ABOVE: The finished city hall building, reveals the City and State seal plaques above arched niches at the entrance.  (Photo, City of Huntington Beach archives)

    When fully established, the Old Civic Center included the city hall, Memorial Hall (of which the second floor was managed by the American Legion), fire and police departments, chamber of commerce, and the Horseshoe Clubhouse with recreational activities and a ballpark on present-day Triangle Park.
   The Horseshoe Clubhouse was constructed at the civic center in 1931 and put into use by community groups.  See photos of the Horseshoe Club at http://www.historichuntingtonbeach.blogspot.com/2012/08/historic-walking-tour-12-and-13-main.html  

   During World War II, the Clubhouse was occupied by the Red Cross until they were asked to vacate after the war in 1950.  In the late 1960s, key city departments relocated to the Clubhouse when they outgrew city hall.

ABOVE: Inside the Memorial Hall auditorium, circa 1940, which was managed by the American Legion. The little boy at front, center, does not appear happy to be in the adult crowd.
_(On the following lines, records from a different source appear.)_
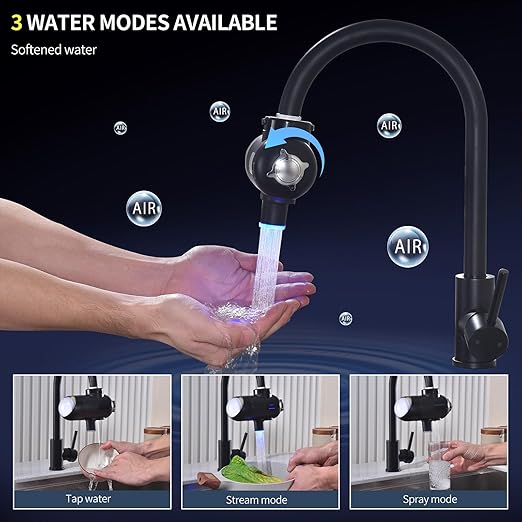 HOMELODY Water Filter for Sink Faucet 3.0 - Upgraded LED Display 3000-4000L Faucet Mount Water Tap Filter Reduces Lead Chlorine Heavy Metals, Faucet Water Filter Fits Most Standard US Faucets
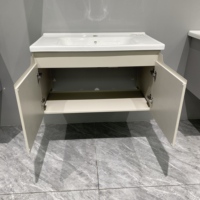 Meuble-lavabo mural WJL en acier inoxydable de haute qualité, étanche, avec lavabo en céramique et miroir éclairé
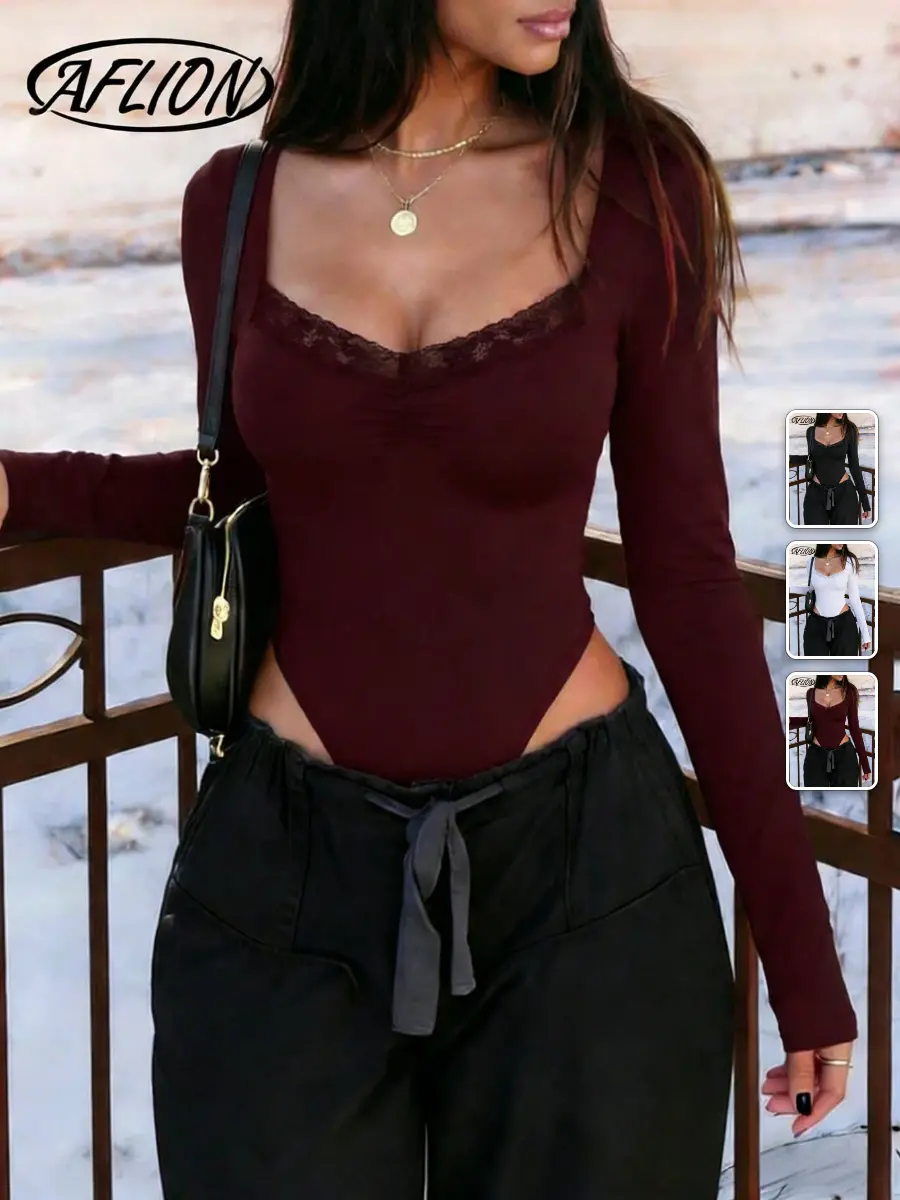 Long Sleeve Bodysuit Lace Ruffle Stretchy Y2K Sexy Going Out Top
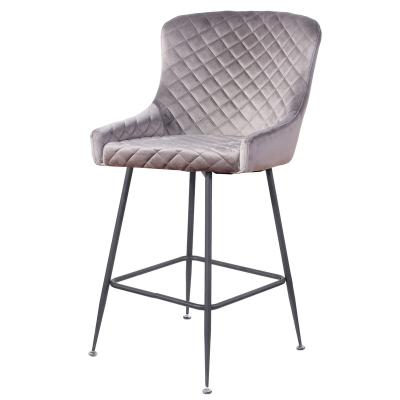 China New Design Modern Metal Leg Fabric Bar Chair Diamond Sewings for sale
The couple in the lower right seem to be having a better time.  (Photo, City of Huntington Beach archives)

ABOVE: A war memorial was installed in 1949 on the 5th Street side of the civic center.   During World War II, a watchtower was stationed on the roof of Memorial Hall.  (Photo, City of Huntington Beach archives)

  By the early 1970s,  the City departments were spread out into multiple buildings and planning began for the new Civic Center at Main Street and Yorktown Avenue where it remains today.  A decision was made to demolish the old civic center and redevelop the land as housing.

ABOVE: Demolition of the Old Civic Center, circa 1974, with apparent brick salvage.  (Photo, City of Huntington Beach archives)

ABOVE: Memorial Hall demolition, circa 1974, the eagles saved by some unknown hero.  Its unknown if someone saved the wings above the entrance.  (Photo, City of Huntington Beach archives)

   From 1945 to 1972, the City of Huntington Beach grew from its original 3.57 square miles to almost 28 square miles.  The City's population boomed from 11,000 in 1960 to 150,000 in 1974.  In a little over a decade, Huntington Beach had become the fastest growing city in the United States.

ABOVE: Civic Center construction at present-day Main Street and Yorktown, across from Huntington Beach High School, circa 1974.  (Photo, City of Huntington Beach archives)

   By 1968, the City purchased the new civic center site at Main Street and Mansion (Yorktown) Avenue, across from Huntington Beach High School.  The new city hall--designed by architect Kurt Meyer, who designed a number bank buildings in Los Angeles--opened its doors in 1974.  

   The dedication event featured bands from Huntington Beach and Marina high schools, the Edison High School drill team, and hostesses from the Orange Coast College stewardess trainees.  The dedication address was made by Robert H. Finch, Counselor to President Richard Nixon, with a presentation of keys to the building by the architect.

   Six years later, the paired eagles and plaques from the Old Civic Center quietly found their new home in the public works yard.

ABOVE: An aerial of the Old Civic Center, circa 1950, shows the building placement.  The city hall and Memorial Hall site is now condominiums.  The Triangle Park site is retained with the 1951 Main Street Library.  (Photo, City of Huntington Beach archives).

Location: The monument to the Old Civic Center is located in the parking lot of the City of Huntington Beach public works corporation yard, 17371 Gothard Street, between Slater and Warner avenues.  It can be viewed during the days and hours the public works offices are open.